Other animals eat zebras, too. Other animals eat the same plants. They all form different food chains. Put together, these food chains are called a food web.

Trophic Levels

Food chains have different levels. These are called trophic levels.


Organisms in the first trophic level are called producers. Most producers are plants. Algae and some bacteria are also producers.

Each producer makes its own food. Most producers use photosynthesis. That means they use sunlightcarbon dioxide, and water to create energy.


The next trophic levels are animals that eat producers. They are called consumers. Some consumers are herbivores while others are carnivores. They can also be omnivores, which means they eat both meat and plants.

Primary consumers are herbivores. They eat plants and other producers. Deer, mice, and elephants are herbivores. They eat grass, shrubs, and trees. In the desert, a mouse is a primary consumer. It eats seeds and fruit. In the ocean, many fish and turtles are herbivores. They eat algae and seagrass.

Secondary consumers are animals that eat herbivores. In a desert, a secondary consumer may be a snake. It eats mice. In underwater kelp forests, sea otters are secondary consumers. They hunt sea urchins. Secondary consumers are at the third trophic level.

Animals at the next level eat secondary consumers. In the desert, an owl or eagle may hunt snakes. Top predators are also called apex predators. No other animal eats an apex predator. Lions are apex predators. Great white sharks are apex predators in the ocean.

Detritivores and Decomposers

Detritivores and decomposers are at the end of food chains. Detritivores eat things that are not alive. Vultures eat dead animals, for example.

Some organisms, like fungi and bacteria, are decomposers. They turn dead plants and other organisms into soil. They let food chains start over.

For example, grass makes food through photosynthesis. A rabbit eats the grass. Then, a fox eats the rabbit. When the fox dies, worms and fungi break down its body. The animal becomes part of the soil. There, it leaves nutrients for plants to grow. This way, the cycle keeps going.


Biomass is the energy in living creatures. It starts with the sun's energy. Plants use sunlight to create energy, or biomass, for themselves. When animals eat these plants, they also create energy, or biomass. At each step, energy gets lost, though. Animals are only able to take a part of it.

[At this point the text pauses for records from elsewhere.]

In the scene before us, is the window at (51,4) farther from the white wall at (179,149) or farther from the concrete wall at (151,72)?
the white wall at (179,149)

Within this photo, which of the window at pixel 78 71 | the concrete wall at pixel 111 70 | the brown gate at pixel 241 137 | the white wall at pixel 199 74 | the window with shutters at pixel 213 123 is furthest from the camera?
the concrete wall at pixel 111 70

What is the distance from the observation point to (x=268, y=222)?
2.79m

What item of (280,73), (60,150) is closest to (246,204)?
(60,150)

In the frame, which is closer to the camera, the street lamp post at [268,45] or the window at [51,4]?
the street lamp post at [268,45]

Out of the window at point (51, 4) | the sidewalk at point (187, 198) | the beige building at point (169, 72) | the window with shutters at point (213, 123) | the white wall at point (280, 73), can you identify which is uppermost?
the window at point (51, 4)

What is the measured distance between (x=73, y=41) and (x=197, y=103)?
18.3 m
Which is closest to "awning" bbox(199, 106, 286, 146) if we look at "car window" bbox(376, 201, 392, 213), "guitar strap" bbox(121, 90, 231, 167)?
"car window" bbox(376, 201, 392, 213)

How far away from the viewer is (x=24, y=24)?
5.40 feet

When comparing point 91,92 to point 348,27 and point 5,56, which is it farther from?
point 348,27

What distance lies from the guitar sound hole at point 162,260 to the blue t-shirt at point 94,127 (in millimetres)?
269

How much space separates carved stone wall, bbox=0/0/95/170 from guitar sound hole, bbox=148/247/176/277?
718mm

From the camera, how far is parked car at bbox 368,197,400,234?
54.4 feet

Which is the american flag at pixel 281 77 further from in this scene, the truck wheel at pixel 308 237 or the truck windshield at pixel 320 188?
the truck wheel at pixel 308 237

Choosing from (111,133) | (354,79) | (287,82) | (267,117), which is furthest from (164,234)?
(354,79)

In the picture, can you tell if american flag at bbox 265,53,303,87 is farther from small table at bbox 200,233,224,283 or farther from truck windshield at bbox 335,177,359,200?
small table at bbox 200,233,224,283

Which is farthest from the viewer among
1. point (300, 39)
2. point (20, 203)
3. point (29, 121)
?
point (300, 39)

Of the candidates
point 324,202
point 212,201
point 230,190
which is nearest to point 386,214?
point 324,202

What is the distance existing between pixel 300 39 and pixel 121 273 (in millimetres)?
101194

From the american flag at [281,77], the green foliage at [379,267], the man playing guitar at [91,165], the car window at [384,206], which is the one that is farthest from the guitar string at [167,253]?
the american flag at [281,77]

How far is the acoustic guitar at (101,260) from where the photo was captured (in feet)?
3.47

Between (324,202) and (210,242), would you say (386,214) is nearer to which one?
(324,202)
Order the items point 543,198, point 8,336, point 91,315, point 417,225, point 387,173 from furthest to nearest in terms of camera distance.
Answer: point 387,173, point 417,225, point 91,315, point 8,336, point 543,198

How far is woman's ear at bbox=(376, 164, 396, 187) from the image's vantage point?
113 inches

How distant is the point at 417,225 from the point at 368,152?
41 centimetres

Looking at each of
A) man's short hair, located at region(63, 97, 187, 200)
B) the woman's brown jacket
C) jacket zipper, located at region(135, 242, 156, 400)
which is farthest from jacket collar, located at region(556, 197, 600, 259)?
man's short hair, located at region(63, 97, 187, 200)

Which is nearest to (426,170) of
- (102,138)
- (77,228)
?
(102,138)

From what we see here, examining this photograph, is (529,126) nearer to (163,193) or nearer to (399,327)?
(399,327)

As you go up the food chain, there is less and less biomass. There is more energy in the lower trophic levels. That is why food webs need more producers than herbivores. They can only have a few carnivores and omnivores.

Sometimes, food chains can fail. If plants are destroyed, herbivores do not have enough to eat. Their numbers go down. Humans can also destroy a food chain. People cut down forests for wood.


Pesticides get into the soil and water. Sometimes, an animal eats a polluted plant. The pesticides stay in the animal's fat. Then, a carnivore eats that animal. It takes in more and more pesticide. This is called bioaccumulation.

In the 1940s and 1950s, bald eagles began disappearing. DDT was a major reason. DDT stands for dichloro-diphenyl-trichloroethane. It is a pesticide. DDT was building up in soil and water. Fish ate organisms with DDT. Bald eagles ate the fish. Because of the DDT, they started laying eggs with thin shells. These shells often broke and the baby birds died.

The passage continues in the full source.